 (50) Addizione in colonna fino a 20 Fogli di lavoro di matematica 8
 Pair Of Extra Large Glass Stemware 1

***

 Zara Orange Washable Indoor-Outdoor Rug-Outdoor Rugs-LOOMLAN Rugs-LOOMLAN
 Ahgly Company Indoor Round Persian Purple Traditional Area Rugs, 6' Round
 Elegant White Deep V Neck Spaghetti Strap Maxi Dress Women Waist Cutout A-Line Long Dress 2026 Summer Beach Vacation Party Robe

***

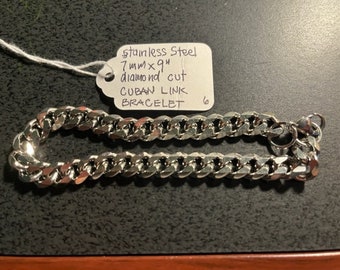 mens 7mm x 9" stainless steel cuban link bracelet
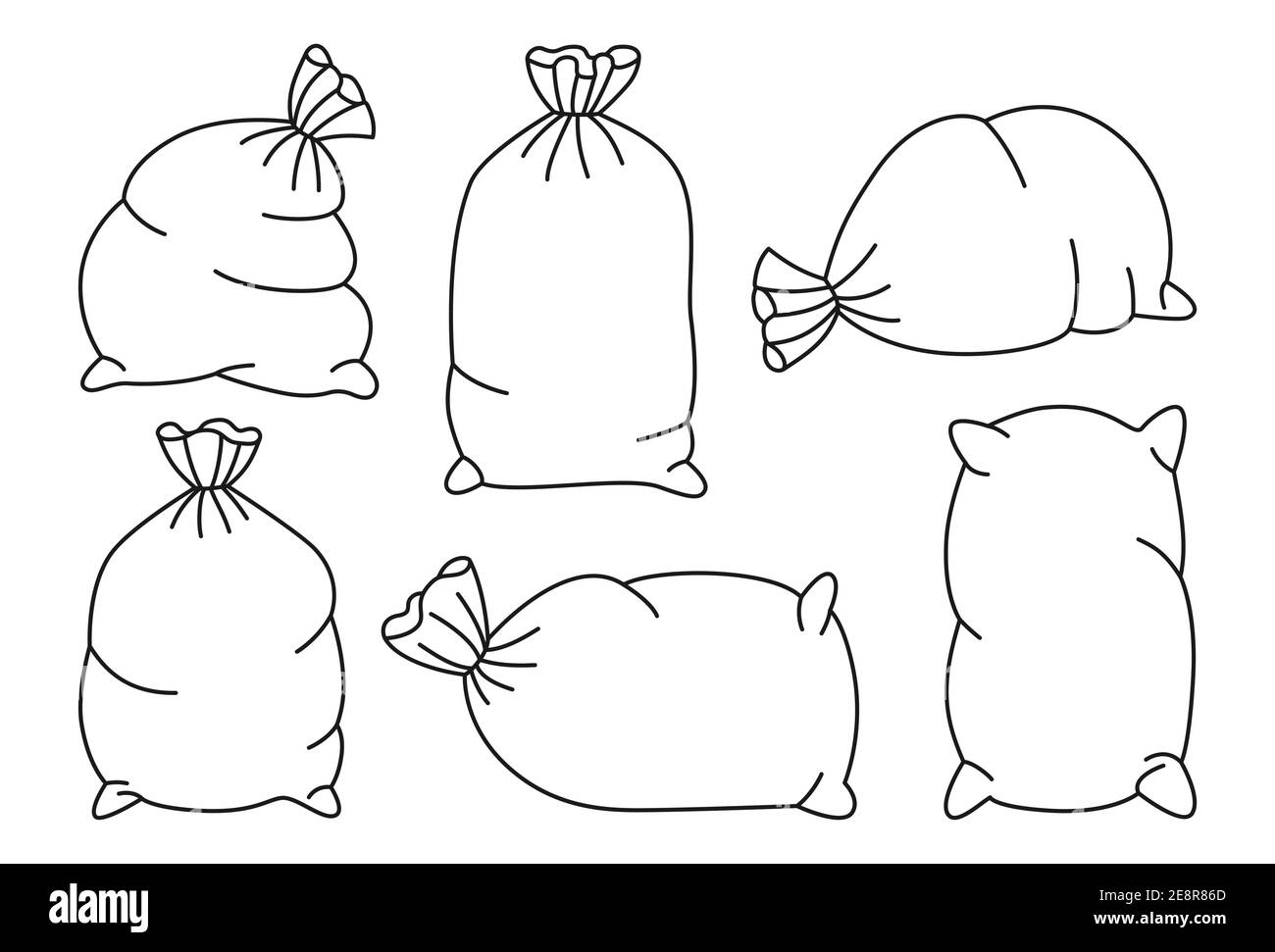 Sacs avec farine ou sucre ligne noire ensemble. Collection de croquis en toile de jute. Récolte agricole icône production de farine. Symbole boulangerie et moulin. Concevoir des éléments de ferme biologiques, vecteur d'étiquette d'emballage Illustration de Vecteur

***

◆ Task brief ◆
Reading the records above, count the lines that include "Indoor" and say only how many.

◆ Response below ◆
2